Work required:
Please repeat the line that contains "三つ折りスタンド PUレザー×シリコン 対応機種9.5/10.5/10.9インチ" and every line after it, exactly, through the end of the records.
━━ Dataset content
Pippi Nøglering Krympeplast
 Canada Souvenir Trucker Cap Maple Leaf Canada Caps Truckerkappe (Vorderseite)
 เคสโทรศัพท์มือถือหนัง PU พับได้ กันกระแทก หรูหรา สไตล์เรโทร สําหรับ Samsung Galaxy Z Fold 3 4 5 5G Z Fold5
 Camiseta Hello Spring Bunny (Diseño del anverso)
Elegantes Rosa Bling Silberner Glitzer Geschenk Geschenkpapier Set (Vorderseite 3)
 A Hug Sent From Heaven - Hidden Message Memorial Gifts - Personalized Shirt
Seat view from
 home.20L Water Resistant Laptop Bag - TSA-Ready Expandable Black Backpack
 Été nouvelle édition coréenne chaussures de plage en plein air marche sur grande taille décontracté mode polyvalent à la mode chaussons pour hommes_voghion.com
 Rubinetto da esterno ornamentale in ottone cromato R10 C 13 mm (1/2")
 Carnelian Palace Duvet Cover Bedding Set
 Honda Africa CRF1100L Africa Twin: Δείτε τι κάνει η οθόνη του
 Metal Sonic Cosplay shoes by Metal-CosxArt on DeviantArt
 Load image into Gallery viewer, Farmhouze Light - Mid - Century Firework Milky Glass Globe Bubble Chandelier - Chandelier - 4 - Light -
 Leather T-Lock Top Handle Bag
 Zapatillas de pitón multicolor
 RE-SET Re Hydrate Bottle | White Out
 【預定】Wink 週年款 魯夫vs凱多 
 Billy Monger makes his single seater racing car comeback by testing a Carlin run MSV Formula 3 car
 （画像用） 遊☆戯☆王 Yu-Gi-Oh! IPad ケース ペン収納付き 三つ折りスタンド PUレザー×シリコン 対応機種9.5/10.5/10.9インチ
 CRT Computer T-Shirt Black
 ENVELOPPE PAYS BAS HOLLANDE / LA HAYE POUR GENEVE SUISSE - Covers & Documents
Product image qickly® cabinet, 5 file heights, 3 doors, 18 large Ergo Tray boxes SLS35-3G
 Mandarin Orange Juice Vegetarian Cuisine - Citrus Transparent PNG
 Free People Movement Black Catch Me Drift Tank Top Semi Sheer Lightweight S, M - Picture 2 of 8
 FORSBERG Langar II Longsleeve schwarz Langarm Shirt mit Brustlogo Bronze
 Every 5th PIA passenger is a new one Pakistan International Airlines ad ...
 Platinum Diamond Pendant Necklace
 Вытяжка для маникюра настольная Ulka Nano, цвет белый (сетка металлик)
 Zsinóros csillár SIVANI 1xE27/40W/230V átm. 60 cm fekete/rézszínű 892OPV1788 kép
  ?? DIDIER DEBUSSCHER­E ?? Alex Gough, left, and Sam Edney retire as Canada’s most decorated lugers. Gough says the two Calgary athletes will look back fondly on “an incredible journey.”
━━━━
Answer to this exercise:
 （画像用） 遊☆戯☆王 Yu-Gi-Oh! IPad ケース ペン収納付き 三つ折りスタンド PUレザー×シリコン 対応機種9.5/10.5/10.9インチ
 CRT Computer T-Shirt Black
 ENVELOPPE PAYS BAS HOLLANDE / LA HAYE POUR GENEVE SUISSE - Covers & Documents
Product image qickly® cabinet, 5 file heights, 3 doors, 18 large Ergo Tray boxes SLS35-3G
 Mandarin Orange Juice Vegetarian Cuisine - Citrus Transparent PNG
 Free People Movement Black Catch Me Drift Tank Top Semi Sheer Lightweight S, M - Picture 2 of 8
 FORSBERG Langar II Longsleeve schwarz Langarm Shirt mit Brustlogo Bronze
 Every 5th PIA passenger is a new one Pakistan International Airlines ad ...
 Platinum Diamond Pendant Necklace
 Вытяжка для маникюра настольная Ulka Nano, цвет белый (сетка металлик)
 Zsinóros csillár SIVANI 1xE27/40W/230V átm. 60 cm fekete/rézszínű 892OPV1788 kép
  ?? DIDIER DEBUSSCHER­E ?? Alex Gough, left, and Sam Edney retire as Canada’s most decorated lugers. Gough says the two Calgary athletes will look back fondly on “an incredible journey.”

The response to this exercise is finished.